This week, a team of researchers that includes USC’s Terry Benzel will present a project in Washington D.C. aimed at using our increasingly interconnected world to build a stronger, more efficient energy grid.
The presentation is the culmination of six months of collaboration between five universities and four private partners, all recruited by the White House for its SmartAmerica Challenge. The White House recruited researchers from government, industry, and universities from around the country, including USC, to create 24 such teams tasked with finding ways to unite the “smart” objects in our lives – all of the computer-controlled devices from pacemakers to hospital records systems – into a useful “Internet of Things.”
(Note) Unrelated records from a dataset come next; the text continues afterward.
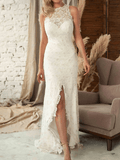 Inrosy robe longue moulante dentelle col rond sans manches élégant femme de soirée pour mariage cérémonie
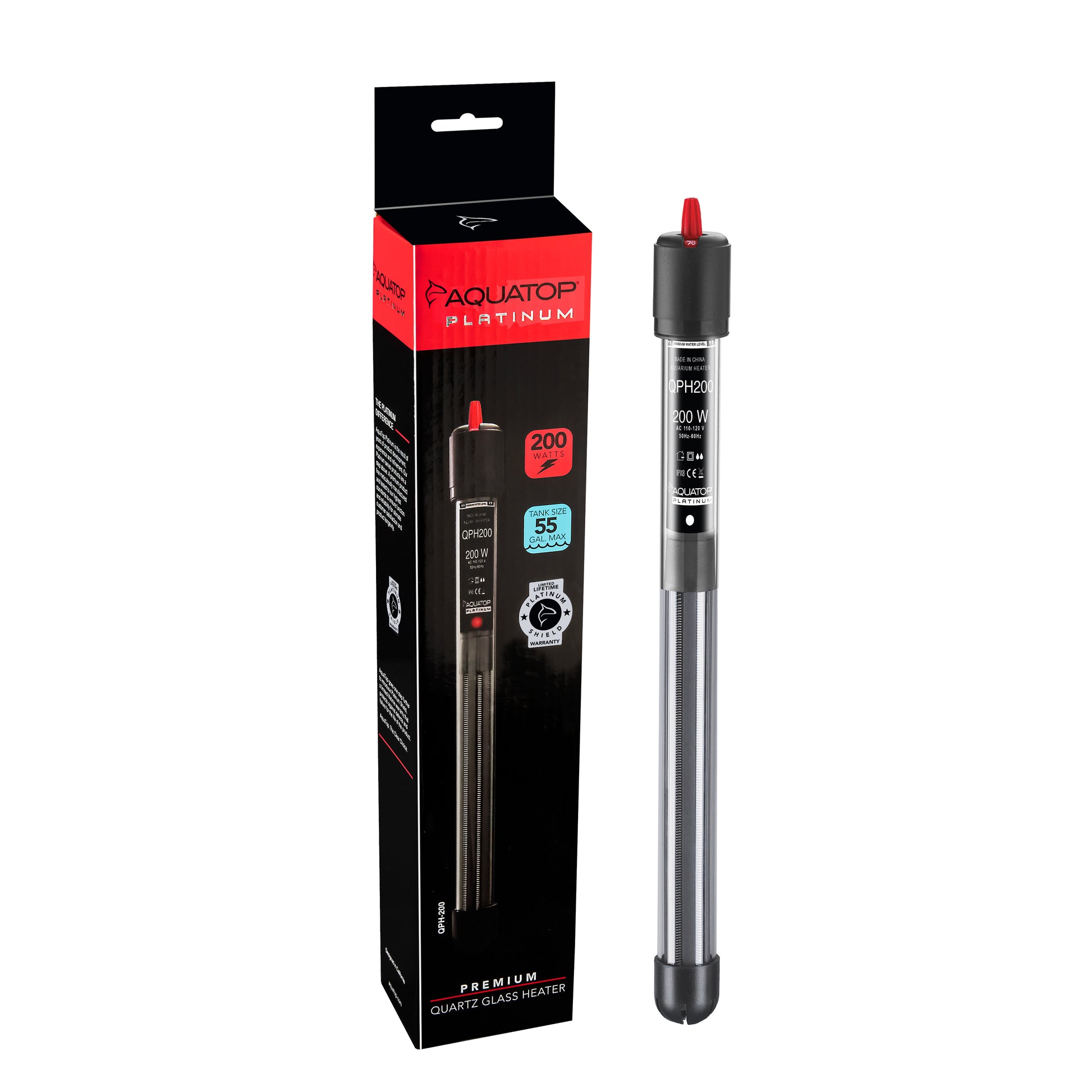 Aquatop Quartz Platinum Glass Heater 40-60 gal, 200 W 810281019055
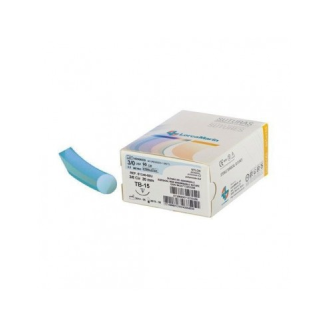 Nylon monofilamento azul TB-8, calibre 6/0, aguja 12 mm, 3/8 círculo triangular, longitud hebra 50 mm, caja 50 unidades-Leer más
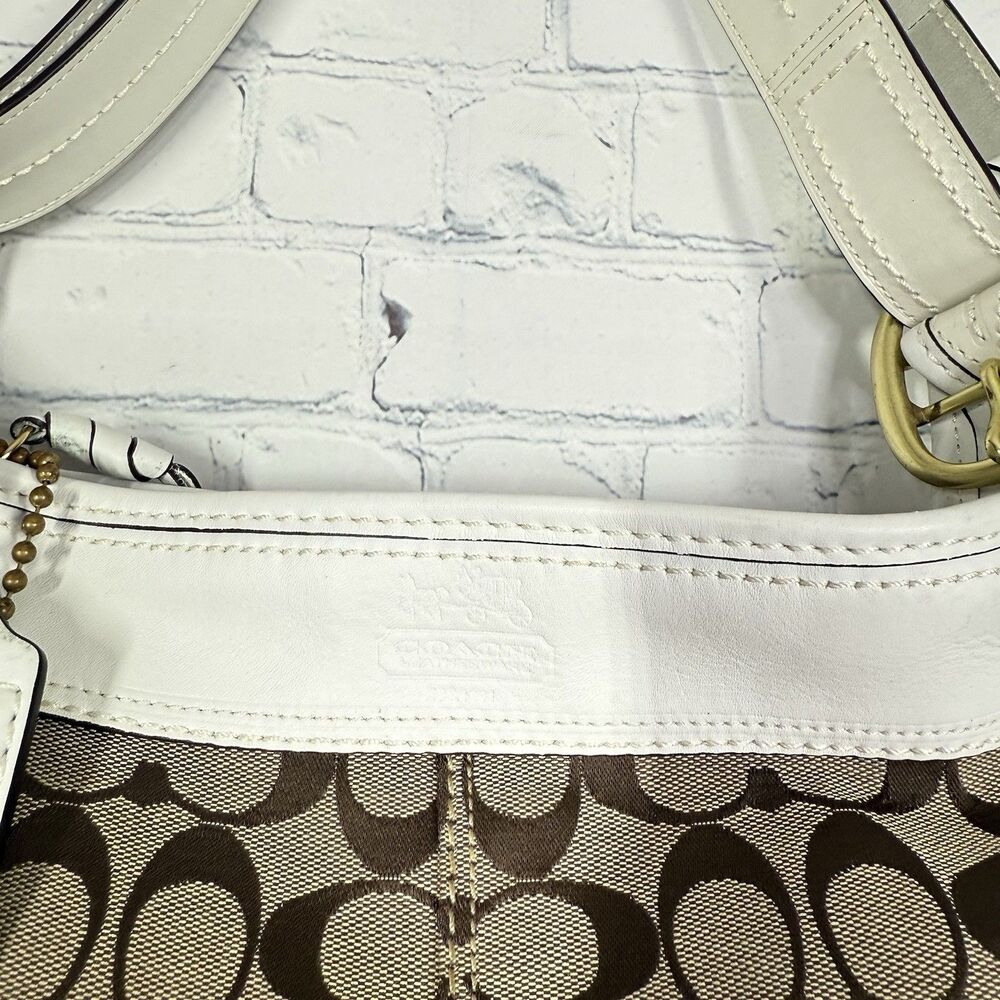 VTG Coach Bleecker Bucket Bag Beige Signature Canvas & White Leather Trim Purse - Picture 4 of 16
Sure, these days devices are smart – but if they can’t talk to one another, their intelligence is mostly a squandered opportunity. But imagine if road sensors could help manage traffic flow in real time, or homes could detect when your car pulls into the driveway at the end of the day and turn on the lights automatically.
“Cyber-Physical Systems take advantage of the rapidly growing infrastructure of computer-controlled objects and add value by having them work together,” said Benzel, deputy division director for Internet and Networked Systems at the Information Sciences Institute (ISI) at the USC Viterbi School of Engineering. Benzel also leads the DETER cybersecurity research and testbed project.
DETER – DEfense Technology Experimental Research – is a partnership between ISI, the University of California, Berkeley, and Sparta, Inc.
Benzel’s team – Smart Energy Cyber-Physical Systems – approached research problems in the nation’s power grid with the goal of boosting efficiency and resiliency, as well as protecting the crucial resource from potential terrorist attacks. The group includes researchers from USC, Iowa State University, North Carolina State University, the MITRE Corporation, National Instruments, the National Renewable Energy Laboratory, Pennsylvania State University, the Scitor Corporation and the University of North Carolina.
The goal of this research is to demonstrate and experimentally validate models for nationwide smart energy grids that would detect how much energy users actually need. This would lessen the need for electricity, which can’t be stored and reduce wasted power.
“In DETER we have an excellent testbed for exploring cyber systems, while Iowa State and North Carolina State have excellent testbeds for power systems. In just a matter of months, we’ve created an integrated facility,” Benzel said.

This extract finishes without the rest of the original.